#### RECORDED DATA:
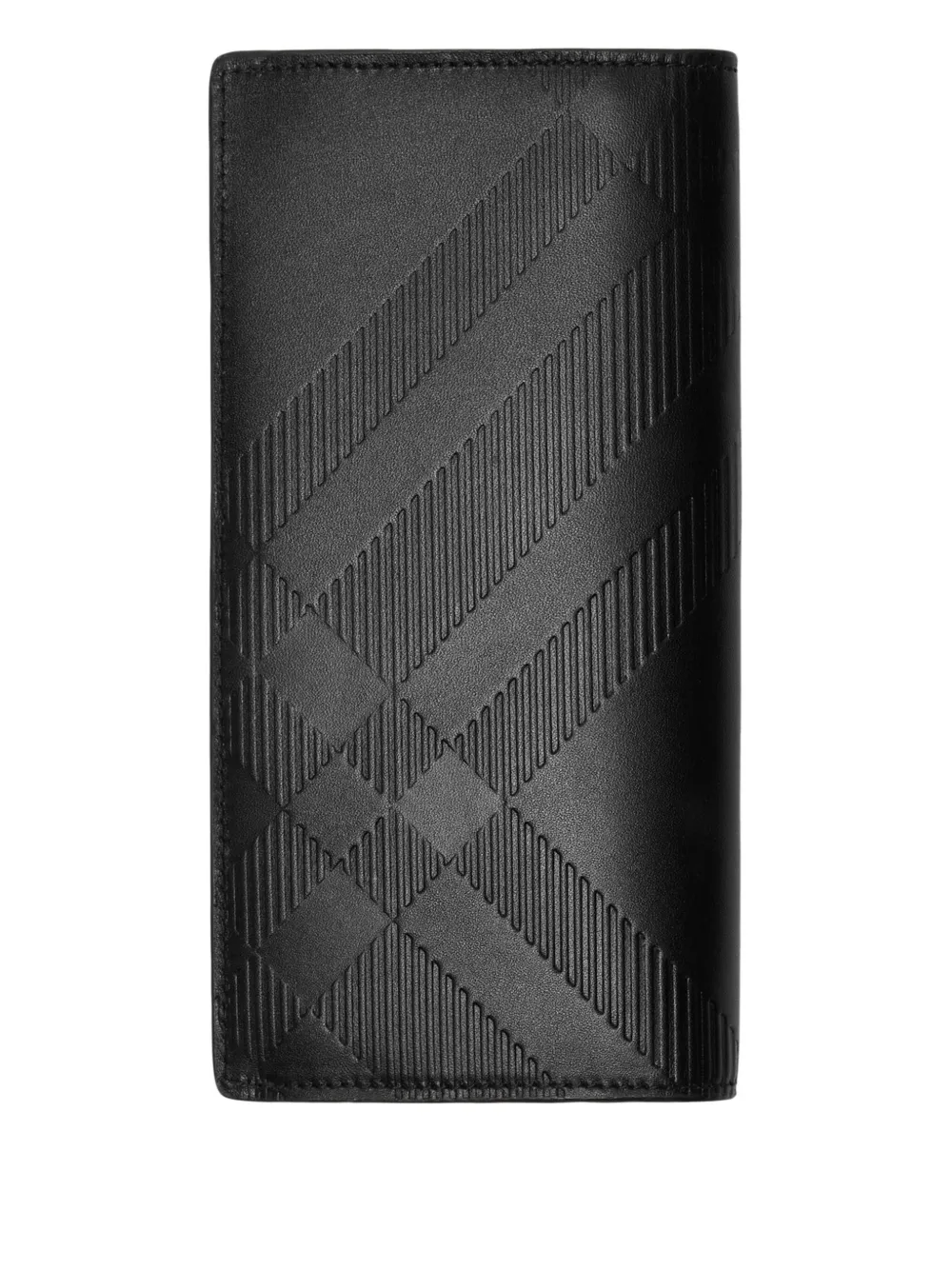 Burberry embossed wallet | Image 2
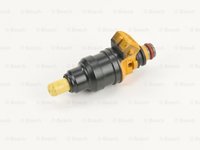 Injector HYUNDAI LANTRA I J-1 BOSCH 0280150742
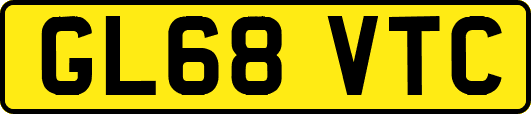 GL68VTC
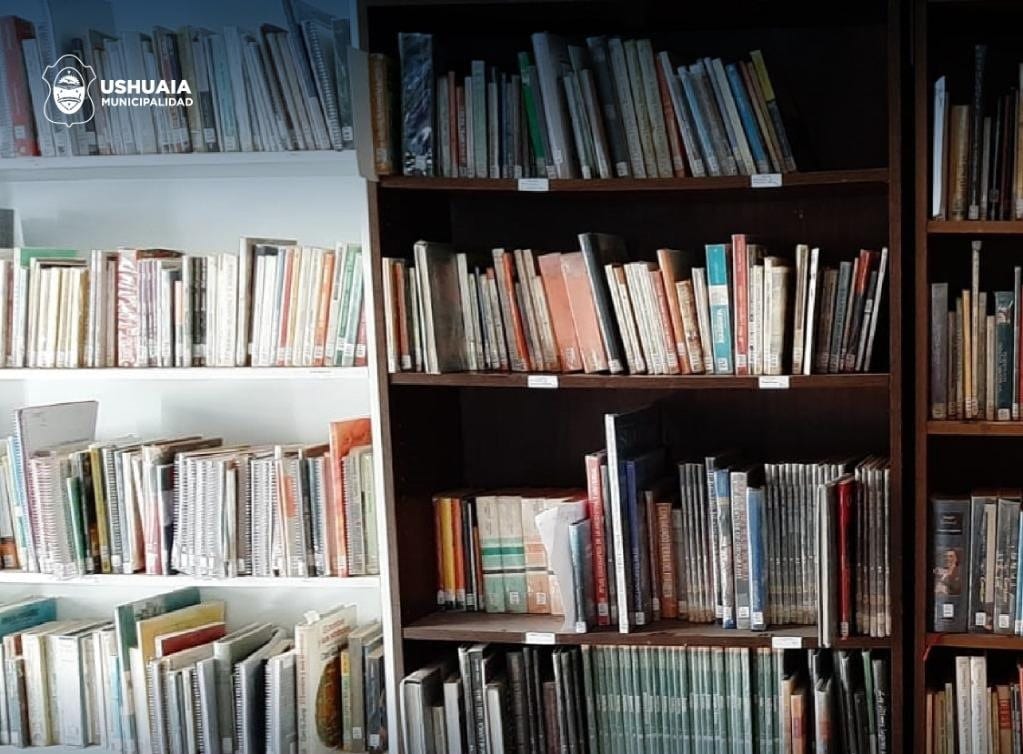 El Instituto Terranova abre las inscripciones a partir del lunes 1⁰ de Marzo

#### WORK REQUIRED:
Set down the material above as is, without any pictures.

#### YOUR RESPONSE:
 Burberry embossed wallet | Image 2
 Injector HYUNDAI LANTRA I J-1 BOSCH 0280150742
 GL68VTC
 El Instituto Terranova abre las inscripciones a partir del lunes 1⁰ de Marzo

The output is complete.